Ethiopian Airlines’ expansion continues this year, with new services to Tokyo next month and to Dublin and on to Los Angeles from June.

Both of these flights, along with the daily London Heathrow to Addis Ababa route are predominantly flown by the carrier’s B787 Dreamliner fleet.

In a few months, it will have 13 of the Boeing aircraft, which it operates in a two-class configuration of economy and Cloud Nine business class. To view photos, click here.

Ethiopian currently serves 83 destinations worldwide. It is focusing on encouraging flights from Europe into its hub at Addis Ababa Bole International airport and then onwards through its network to major African cities such as Entebbe, Nairobi and Lilongwe.

There’s an appetite for this because for business travellers wanting to get around Africa, the choices are few.

As pointed out in an article on African aviation published in our sister magazine Buying Business Travel: “Intra-African air travel presents other challenges, not least because many smaller African airlines do not meet IATA safety standards and are consequently blacklisted by corporates concerned for their travellers’ well-being.
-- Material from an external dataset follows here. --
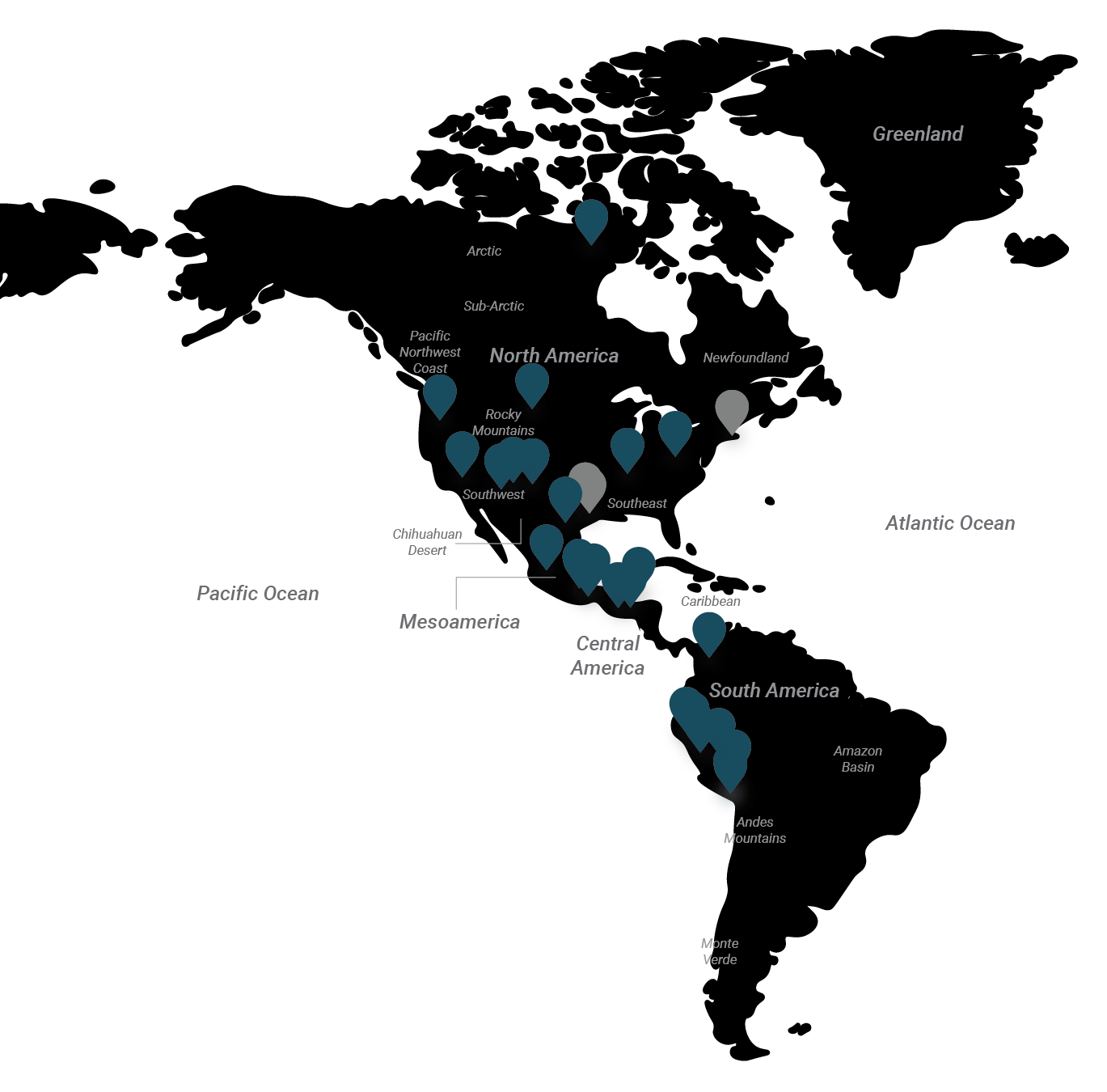 Image of Map of locations of all artworks of the Indigenous Americas discussed in “Where Does Art Come From?” by Marizela Garza.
The flight from Luanda to the Congolese port city of Pointe-Noire should take one hour, but it is deemed to be safer to take the 3.5-hour flight south to Johannesburg, overnight there, and then fly 4.5 hours north.”
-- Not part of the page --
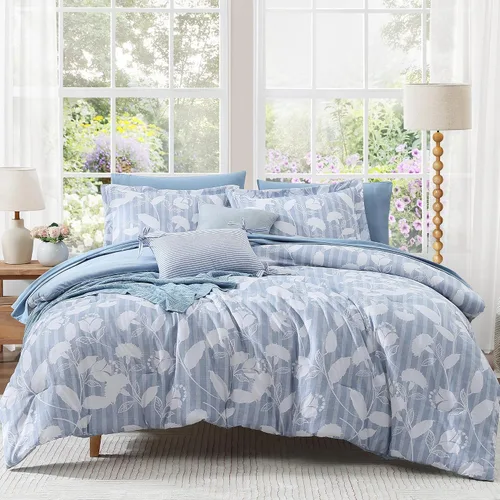 Miniatura 21 de BLOOMHAVEN Juego de edredón tamaño individual XL, juego de ropa de cama de 5 piezas con rosas florales para todas las estaciones, cama en una bolsa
Ethiopian has aligned its flight schedules to maximise the attraction of Addis Ababa airport for connections.

In general, for the flights to Europe the airline tries to leave Africa in the evening and arrive the next morning to allow business people to sleep on the aircraft and wake up in time for a day’s work.
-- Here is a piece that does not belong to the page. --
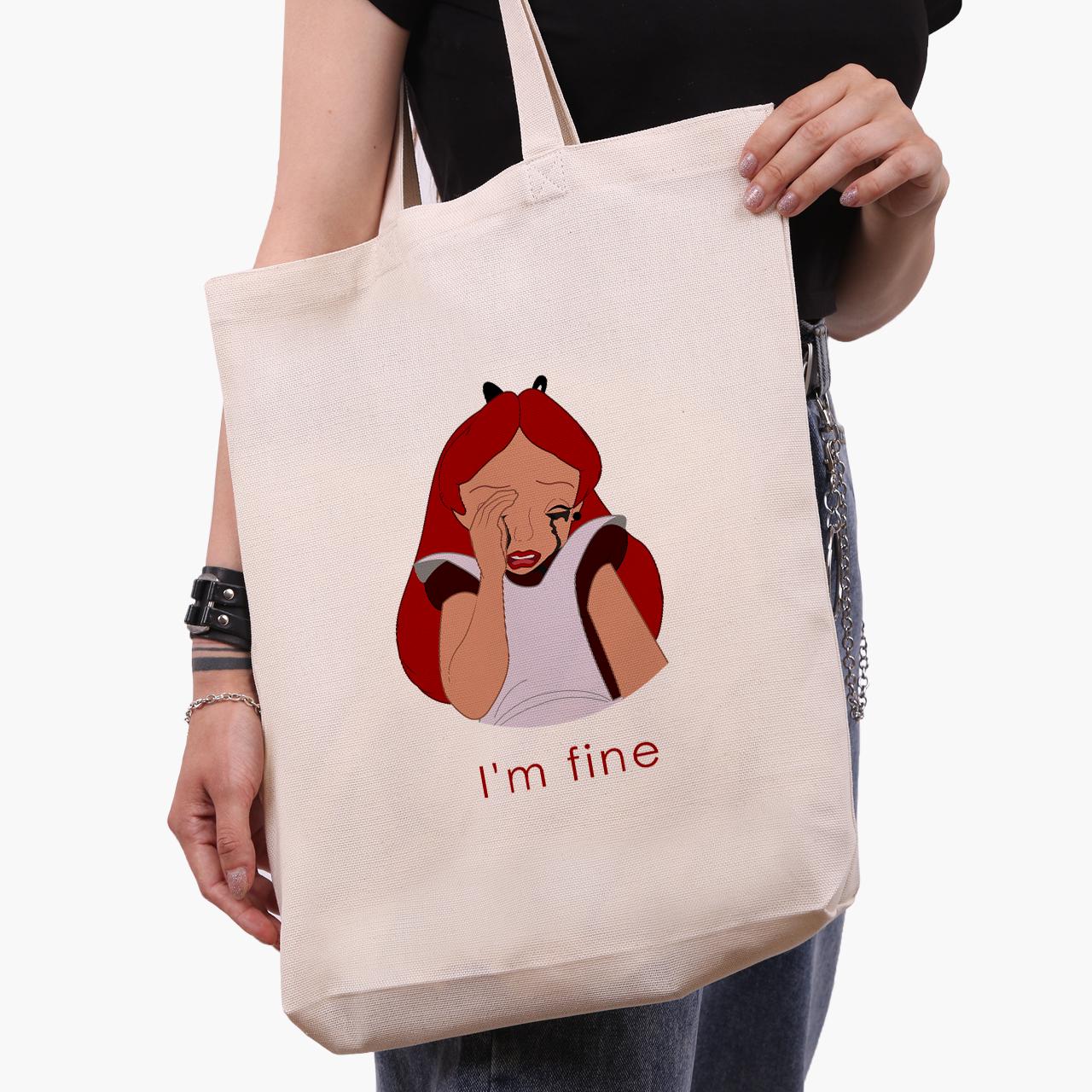 Эко сумка шоппер Alice I'm fine Disney 41х39х8 см Бежевий (9227-1440-WTD)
That said, it’s not possible with Heathrow, and there’s little doubt that the airline is frustrated with the slots it has at the London airport.

While waiting at Heathrow Terminal 2, CEO Tewolde Gebremariam told Business Traveller: “Four of the days are fairly good, but three are not what we require.”

The airline has money to spend, as shown by all the new routes, but perhaps not enough to buy another pair of slots.

Fellow Star Alliance member SAS was reported to have sold a pair of slots recently for $60 million. But if Ethiopian had wanted them, there would have been little or no discount on the price just by virtue of being a fellow Star Alliance member.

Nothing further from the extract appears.